In this code, we evaluate two predictive models: Neural Network and Hybrid Neural Network-K Nearest Neighbour. We uses key performance metrics to evaluate the models including accuracy, precision, recall and f1-score. The performance of models presented in confusion matrix and classification report.
In this section, we focus on evaluate the optimized models using testing dataset as explained below:

**1. Neural network**: 
- For each target variable, we uses their corressponding best parameters from hyperparameter tuning to predict the target of the test set.

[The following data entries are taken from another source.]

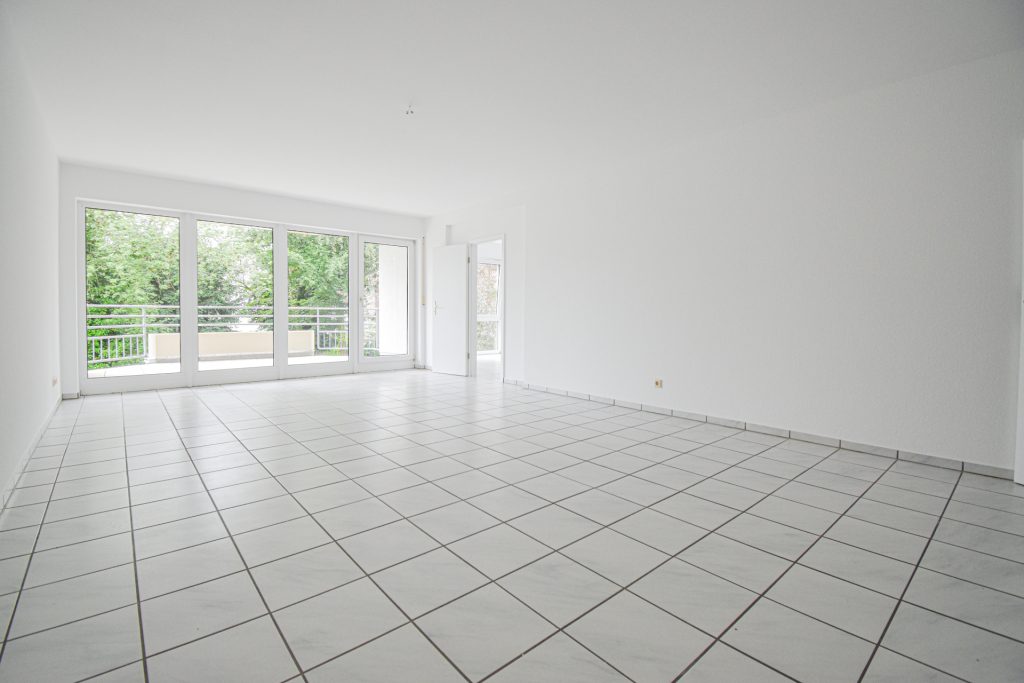 Gütelhöfer Immobilien - Immobilienangebot - Brühl - Alle - Sofort bezugsfrei! Helle 4-Raumwohnung mit zwei Balkonen und 2 KFZ-Stellplätzen in Brühler Toplage
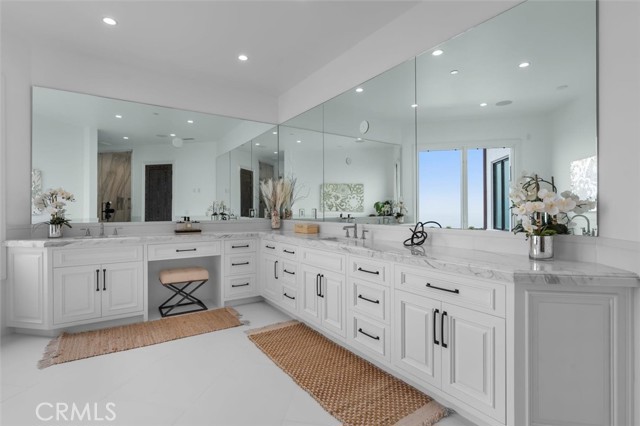 Detail Gallery Image 28 of 72 For 32042 Isthmus View Dr, Rancho Palos Verdes,  CA 90275 - 6 Beds | 6/2 Baths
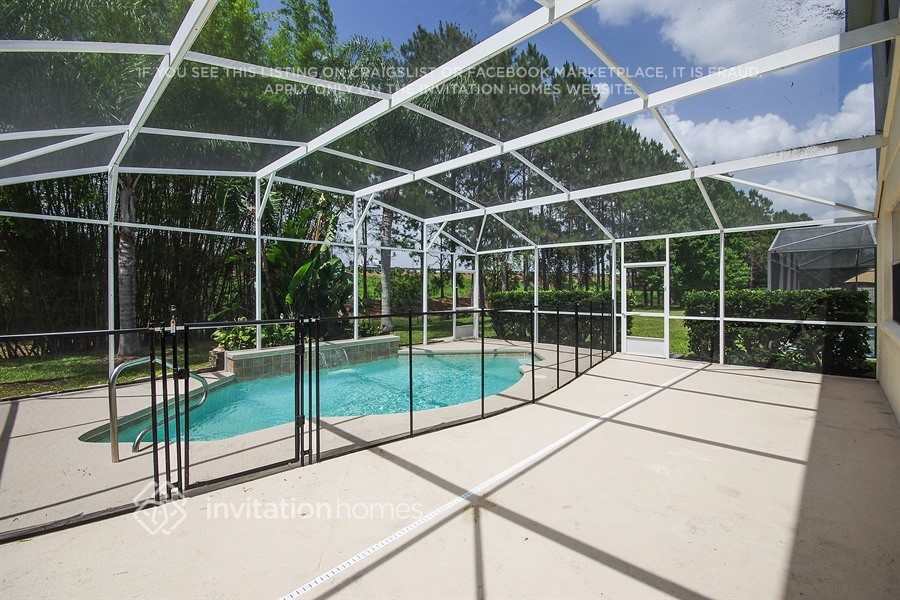 Building Photo - 5011 Bellthorn Dr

This helps us to assess the performance of the models to unseen data. 

**2. Hybrid (NN-KNN)**: 
- For each target variable, we evaluates the performance of the best Hybrid (NN-KNN) classifiers, which combine input features extracted by Neural Network model and best parameter tuned by KNN classifiers.
___________________________________________

#### Evaluating Neural Network Model

In [71]:
# Evaluate the best model on the test set
# This dictionary will store the accuracy results for each target column.
test_results_NN = {}
#Iterate over each target with the corresponding best parameters NN model to evaluate the performance.
for target_column, best_params in results.items():
    #convert training and testing datasets to TensorFlow tensor to be used in Neural Network model
    X_train_nn = tf.convert_to_tensor(X_train_selected, dtype=tf.float32)
    y_train_nn = tf.convert_to_tensor(y_train[target_column].values, dtype=tf.float32)
    X_test_nn = tf.convert_to_tensor(X_test_selected, dtype=tf.float32)
    y_test_nn = tf.convert_to_tensor(y_test[target_column].values, dtype=tf.float32)
    print(f"Evaluating best model for {target_column} on the test set...")
    
    # Create the model with best parameters
    model = create_model(X_train_nn.shape[1], **best_params['best_params'])
    
    # Train the model on the full training set with best parameters
    model.fit(X_train_nn, y_train_nn, epochs=50, batch_size=32, verbose=0)
    
    # Predict on the test set to get individual predictions
    y_test_pred = model.predict(X_test_nn)
    y_test_pred = (y_test_pred > 0.5).astype(int)  # Assuming binary classification

     # Print confusion matrix for test set
    print("Confusion Matrix (Test):")
    print(confusion_matrix(y_test_nn, y_test_pred))
    
    # Print accuracy score for test set
    print("Accuracy Score (Test):")
    test_results_NN[target_column]= accuracy_score(y_test_nn, y_test_pred)
    print( test_results_NN[target_column])
    
    # Print classification report for test set
    print("Classification Report (Test):")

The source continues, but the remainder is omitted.